EXERCISE OBJECTIVE. Print nothing beyond the line with "4506 E MONTECITO Avenue, Phoenix, AZ 85018": every line from the beginning of the data up to it, that line included, and no pictures.

WORKING DATA.
□ □ □ □ □
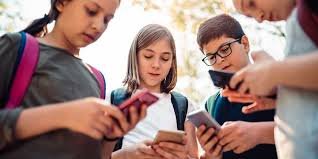 Le Chili rejoint la liste des pays interdisant les smartphones à l’école !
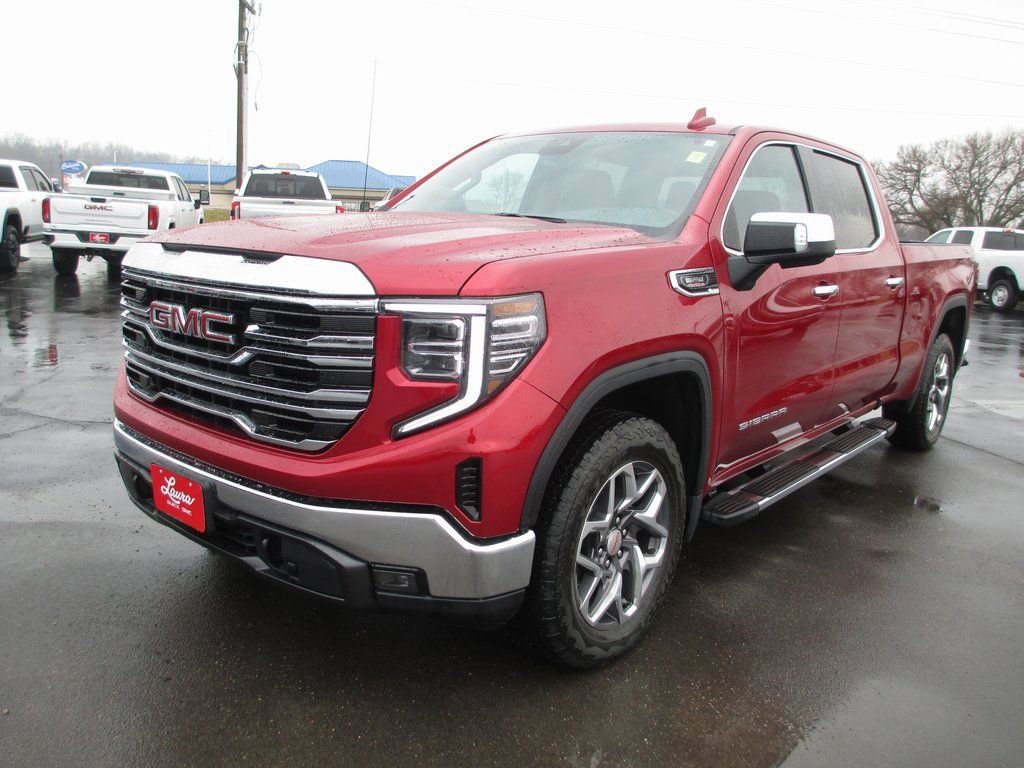 Used 2024 GMC Sierra 1500 SLT image 11
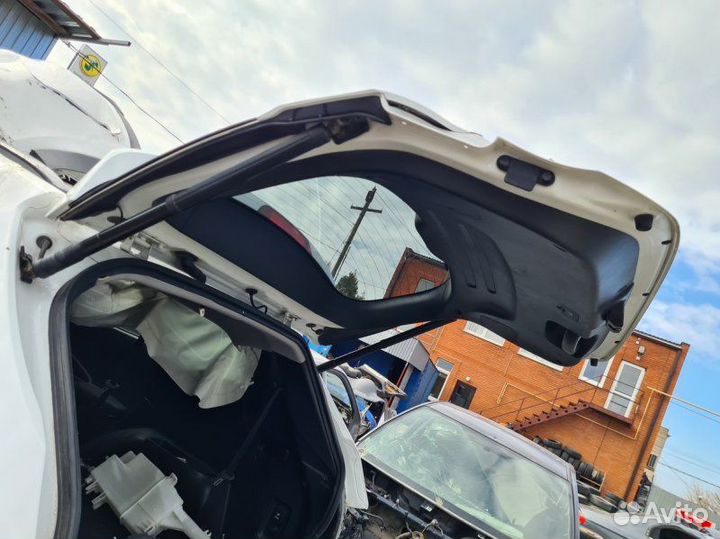 Крышка багажника со стеклом задняя Hyundai Grand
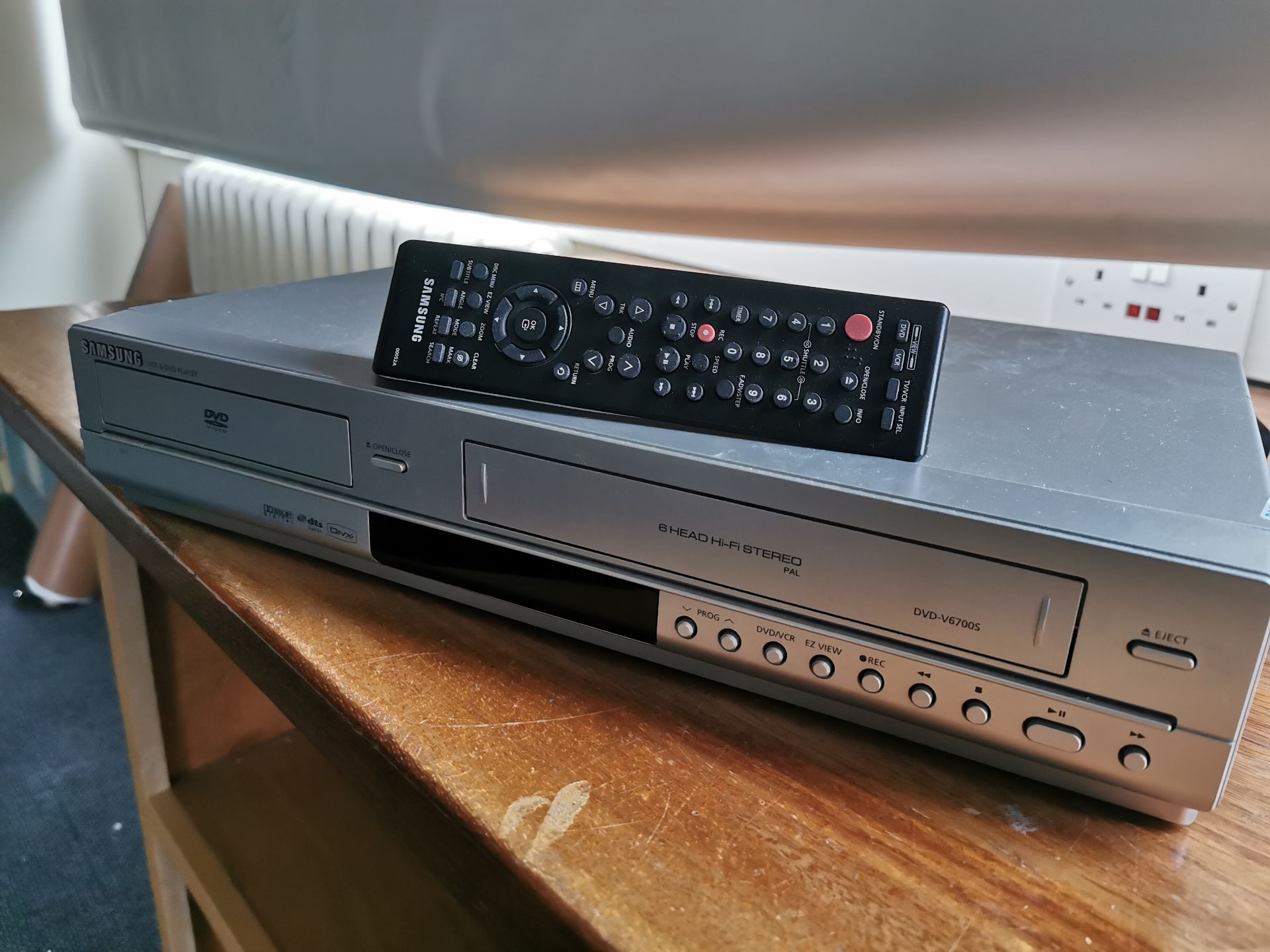 Samsung DVD and video player
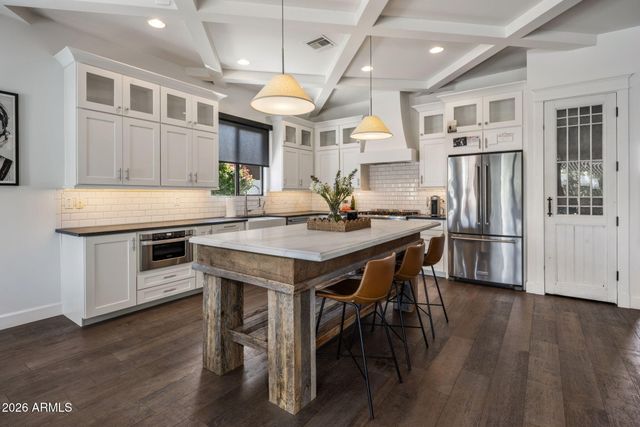4506 E MONTECITO Avenue, Phoenix, AZ 85018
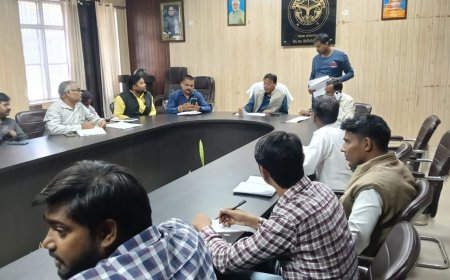 खंण्ड विकास अधिकारी संजीव गुप्ता की अध्यक्षता में विकास कार्यों की समीक्षा बैठक हुई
□ □ □ □ □
OUTPUT FOR THIS TASK.
 Le Chili rejoint la liste des pays interdisant les smartphones à l’école !
 Used 2024 GMC Sierra 1500 SLT image 11
 Крышка багажника со стеклом задняя Hyundai Grand
 Samsung DVD and video player
4506 E MONTECITO Avenue, Phoenix, AZ 85018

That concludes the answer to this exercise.